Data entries
************

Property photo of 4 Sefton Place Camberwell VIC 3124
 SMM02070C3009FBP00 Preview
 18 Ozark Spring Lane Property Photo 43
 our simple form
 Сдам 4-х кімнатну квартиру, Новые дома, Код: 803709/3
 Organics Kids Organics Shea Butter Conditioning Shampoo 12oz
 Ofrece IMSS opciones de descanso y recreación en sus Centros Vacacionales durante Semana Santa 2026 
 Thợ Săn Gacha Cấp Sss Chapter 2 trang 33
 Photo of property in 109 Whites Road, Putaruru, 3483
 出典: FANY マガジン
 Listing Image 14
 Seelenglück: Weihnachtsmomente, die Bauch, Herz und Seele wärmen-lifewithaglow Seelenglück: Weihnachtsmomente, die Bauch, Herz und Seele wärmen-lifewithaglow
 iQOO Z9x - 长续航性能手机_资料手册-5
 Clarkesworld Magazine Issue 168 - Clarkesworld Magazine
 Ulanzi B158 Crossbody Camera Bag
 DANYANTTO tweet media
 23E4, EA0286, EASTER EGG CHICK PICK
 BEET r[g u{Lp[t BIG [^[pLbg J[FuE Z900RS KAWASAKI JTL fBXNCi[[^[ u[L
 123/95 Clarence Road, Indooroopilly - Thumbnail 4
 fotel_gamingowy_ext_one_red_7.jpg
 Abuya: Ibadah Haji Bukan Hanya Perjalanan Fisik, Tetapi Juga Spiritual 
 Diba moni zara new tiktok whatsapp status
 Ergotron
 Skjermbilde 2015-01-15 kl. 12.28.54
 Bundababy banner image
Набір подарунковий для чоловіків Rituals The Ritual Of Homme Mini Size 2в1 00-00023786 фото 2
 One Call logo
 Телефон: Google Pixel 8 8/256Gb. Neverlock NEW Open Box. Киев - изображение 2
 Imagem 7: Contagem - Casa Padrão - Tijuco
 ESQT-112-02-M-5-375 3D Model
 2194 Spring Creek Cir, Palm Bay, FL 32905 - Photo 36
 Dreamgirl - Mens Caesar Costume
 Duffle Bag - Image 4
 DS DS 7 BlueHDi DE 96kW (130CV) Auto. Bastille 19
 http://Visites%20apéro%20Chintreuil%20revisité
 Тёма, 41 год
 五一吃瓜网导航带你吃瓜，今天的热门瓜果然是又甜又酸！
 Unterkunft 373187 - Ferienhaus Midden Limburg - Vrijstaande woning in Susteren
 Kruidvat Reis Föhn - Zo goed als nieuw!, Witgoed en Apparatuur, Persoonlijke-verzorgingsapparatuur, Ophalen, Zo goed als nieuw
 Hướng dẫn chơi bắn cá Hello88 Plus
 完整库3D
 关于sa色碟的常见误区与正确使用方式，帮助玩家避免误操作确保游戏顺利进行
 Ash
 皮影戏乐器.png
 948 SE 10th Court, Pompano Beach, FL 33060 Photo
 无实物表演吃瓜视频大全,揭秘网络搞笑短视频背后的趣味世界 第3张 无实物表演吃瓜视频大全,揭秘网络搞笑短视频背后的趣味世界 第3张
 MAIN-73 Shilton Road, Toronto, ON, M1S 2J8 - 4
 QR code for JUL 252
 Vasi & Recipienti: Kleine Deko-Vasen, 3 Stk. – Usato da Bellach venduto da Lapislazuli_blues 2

************

__What needs to be done__
Write out all records exactly, keeping every detail.

__Answer to this problem__
Property photo of 4 Sefton Place Camberwell VIC 3124
 SMM02070C3009FBP00 Preview
 18 Ozark Spring Lane Property Photo 43
 our simple form
 Сдам 4-х кімнатну квартиру, Новые дома, Код: 803709/3
 Organics Kids Organics Shea Butter Conditioning Shampoo 12oz
 Ofrece IMSS opciones de descanso y recreación en sus Centros Vacacionales durante Semana Santa 2026 
 Thợ Săn Gacha Cấp Sss Chapter 2 trang 33
 Photo of property in 109 Whites Road, Putaruru, 3483
 出典: FANY マガジン
 Listing Image 14
 Seelenglück: Weihnachtsmomente, die Bauch, Herz und Seele wärmen-lifewithaglow Seelenglück: Weihnachtsmomente, die Bauch, Herz und Seele wärmen-lifewithaglow
 iQOO Z9x - 长续航性能手机_资料手册-5
 Clarkesworld Magazine Issue 168 - Clarkesworld Magazine
 Ulanzi B158 Crossbody Camera Bag
 DANYANTTO tweet media
 23E4, EA0286, EASTER EGG CHICK PICK
 BEET r[g u{Lp[t BIG [^[pLbg J[FuE Z900RS KAWASAKI JTL fBXNCi[[^[ u[L
 123/95 Clarence Road, Indooroopilly - Thumbnail 4
 fotel_gamingowy_ext_one_red_7.jpg
 Abuya: Ibadah Haji Bukan Hanya Perjalanan Fisik, Tetapi Juga Spiritual 
 Diba moni zara new tiktok whatsapp status
 Ergotron
 Skjermbilde 2015-01-15 kl. 12.28.54
 Bundababy banner image
Набір подарунковий для чоловіків Rituals The Ritual Of Homme Mini Size 2в1 00-00023786 фото 2
 One Call logo
 Телефон: Google Pixel 8 8/256Gb. Neverlock NEW Open Box. Киев - изображение 2
 Imagem 7: Contagem - Casa Padrão - Tijuco
 ESQT-112-02-M-5-375 3D Model
 2194 Spring Creek Cir, Palm Bay, FL 32905 - Photo 36
 Dreamgirl - Mens Caesar Costume
 Duffle Bag - Image 4
 DS DS 7 BlueHDi DE 96kW (130CV) Auto. Bastille 19
 http://Visites%20apéro%20Chintreuil%20revisité
 Тёма, 41 год
 五一吃瓜网导航带你吃瓜，今天的热门瓜果然是又甜又酸！
 Unterkunft 373187 - Ferienhaus Midden Limburg - Vrijstaande woning in Susteren
 Kruidvat Reis Föhn - Zo goed als nieuw!, Witgoed en Apparatuur, Persoonlijke-verzorgingsapparatuur, Ophalen, Zo goed als nieuw
 Hướng dẫn chơi bắn cá Hello88 Plus
 完整库3D
 关于sa色碟的常见误区与正确使用方式，帮助玩家避免误操作确保游戏顺利进行
 Ash
 皮影戏乐器.png
 948 SE 10th Court, Pompano Beach, FL 33060 Photo
 无实物表演吃瓜视频大全,揭秘网络搞笑短视频背后的趣味世界 第3张 无实物表演吃瓜视频大全,揭秘网络搞笑短视频背后的趣味世界 第3张
 MAIN-73 Shilton Road, Toronto, ON, M1S 2J8 - 4
 QR code for JUL 252
 Vasi & Recipienti: Kleine Deko-Vasen, 3 Stk. – Usato da Bellach venduto da Lapislazuli_blues 2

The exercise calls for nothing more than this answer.